Segment Open
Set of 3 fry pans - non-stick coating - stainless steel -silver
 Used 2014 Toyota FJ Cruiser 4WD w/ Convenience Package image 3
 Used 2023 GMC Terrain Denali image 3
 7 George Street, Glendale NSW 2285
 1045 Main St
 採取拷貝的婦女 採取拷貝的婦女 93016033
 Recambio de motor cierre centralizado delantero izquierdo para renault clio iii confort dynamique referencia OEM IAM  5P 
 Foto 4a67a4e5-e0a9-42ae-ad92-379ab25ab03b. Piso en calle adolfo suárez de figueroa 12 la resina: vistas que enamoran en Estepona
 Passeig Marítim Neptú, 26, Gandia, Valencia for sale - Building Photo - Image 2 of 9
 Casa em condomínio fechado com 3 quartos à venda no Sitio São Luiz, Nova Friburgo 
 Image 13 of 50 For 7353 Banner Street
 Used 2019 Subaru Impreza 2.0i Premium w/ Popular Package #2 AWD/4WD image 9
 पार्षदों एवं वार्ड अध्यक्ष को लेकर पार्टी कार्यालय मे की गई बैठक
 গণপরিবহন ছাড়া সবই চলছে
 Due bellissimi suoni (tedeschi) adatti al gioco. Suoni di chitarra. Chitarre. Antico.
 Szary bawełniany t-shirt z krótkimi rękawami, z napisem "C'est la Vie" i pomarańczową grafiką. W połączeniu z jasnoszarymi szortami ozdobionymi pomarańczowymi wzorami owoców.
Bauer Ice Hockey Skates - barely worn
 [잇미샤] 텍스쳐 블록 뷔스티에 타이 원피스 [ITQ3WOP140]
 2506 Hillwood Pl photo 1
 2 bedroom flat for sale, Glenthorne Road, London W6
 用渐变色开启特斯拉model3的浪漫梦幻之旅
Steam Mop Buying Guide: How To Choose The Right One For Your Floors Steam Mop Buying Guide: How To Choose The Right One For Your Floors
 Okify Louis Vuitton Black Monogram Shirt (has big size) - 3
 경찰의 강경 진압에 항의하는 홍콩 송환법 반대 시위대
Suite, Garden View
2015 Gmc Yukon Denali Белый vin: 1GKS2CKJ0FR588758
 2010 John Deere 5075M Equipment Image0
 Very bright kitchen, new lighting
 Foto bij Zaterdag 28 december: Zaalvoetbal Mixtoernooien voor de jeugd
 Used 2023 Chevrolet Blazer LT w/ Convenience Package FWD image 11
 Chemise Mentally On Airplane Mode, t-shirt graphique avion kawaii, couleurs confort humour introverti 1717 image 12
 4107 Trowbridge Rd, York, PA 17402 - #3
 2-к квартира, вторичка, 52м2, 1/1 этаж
Segment Closed
#### Problem
Exactly and only the lines from the line containing "2015 Gmc Yukon" through the last line of the entries should be copied, both ends included.

#### Response below
2015 Gmc Yukon Denali Белый vin: 1GKS2CKJ0FR588758
 2010 John Deere 5075M Equipment Image0
 Very bright kitchen, new lighting
 Foto bij Zaterdag 28 december: Zaalvoetbal Mixtoernooien voor de jeugd
 Used 2023 Chevrolet Blazer LT w/ Convenience Package FWD image 11
 Chemise Mentally On Airplane Mode, t-shirt graphique avion kawaii, couleurs confort humour introverti 1717 image 12
 4107 Trowbridge Rd, York, PA 17402 - #3
 2-к квартира, вторичка, 52м2, 1/1 этаж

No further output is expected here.